The original catastrophe happened a while ago. I have no record of what dd output after i ctrl+c'ed the process. Is there a way i can work this out and how might i put this information to use?

I will follow your advice and clone the disk to my newly purchased backup hdd. Then look into your suggestions for recreating/guessing the partiton table.

Would you be able to suggest some material that i can read which may teach me/guide me through this process?

Again, many thanks.

Use DD to save the partition table (probably all blanks) then let windows make a new partition table. If you just nexted through the wizard originally chances are it pops out the same partition table. After that it's FS repair. Mount for NTFS had an option for using alternative mft iirc

Hi Wendell,

I don't use/have windows. i assume that using mkfs would involve guessing various settings?
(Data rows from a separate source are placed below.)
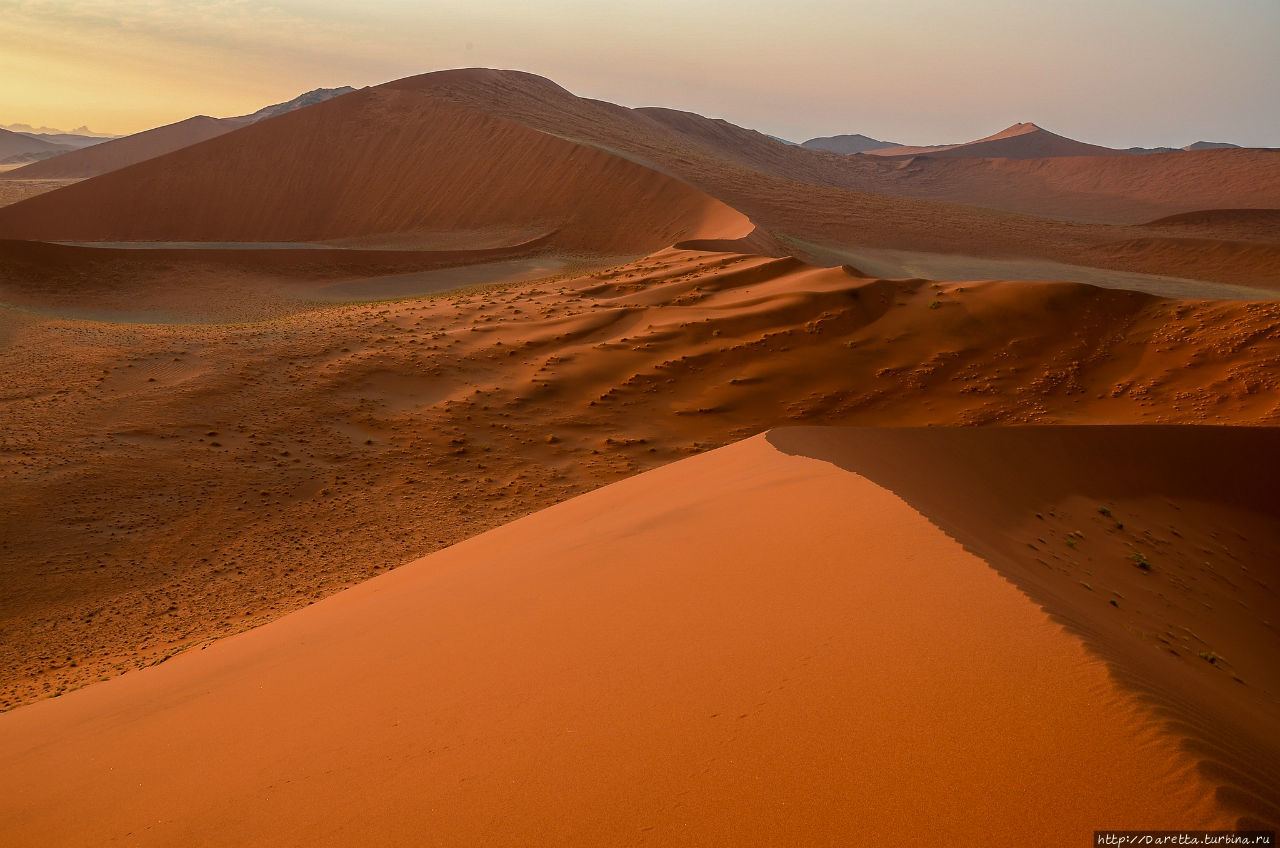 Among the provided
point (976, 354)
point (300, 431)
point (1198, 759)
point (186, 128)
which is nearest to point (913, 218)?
point (976, 354)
I will see about commadeering a friends windows and report back. My love to you :D

Thanks again!

dont mkfs, it's the partition table, make you can try to recreate the partition table with gparted or fdisk? that's the thing you'd have to guess in

I havn't had any luck yet. using windows 7 disk manager to 'quick format' the (cloned) drive to a single partition occured, then i went into testdisk to do a recovery of the mtf. from what i have learnt, there is a backup of the mtf at the end of the filesystem, which should be intact as i only wrecked the beginning of the drive.

Testdisk reported 'MFT and MFT mirror are bad. Failed to repair them.'

i assume this meant the partitioning didn't work properly.

If i clone the drive again, is there a way to extract the backup mtf form the unpartitioned drive, and reconstruct the ntfs partiton using the backup mtf?

it seems that test disk could do either of these things seperately, but not together, would it be possible?

well I suppose you can write a program to search for the backup mft then based on that calculate what the parititon layout was so you can re-create the parittion which will then let testdisk do its thing with the backup mft?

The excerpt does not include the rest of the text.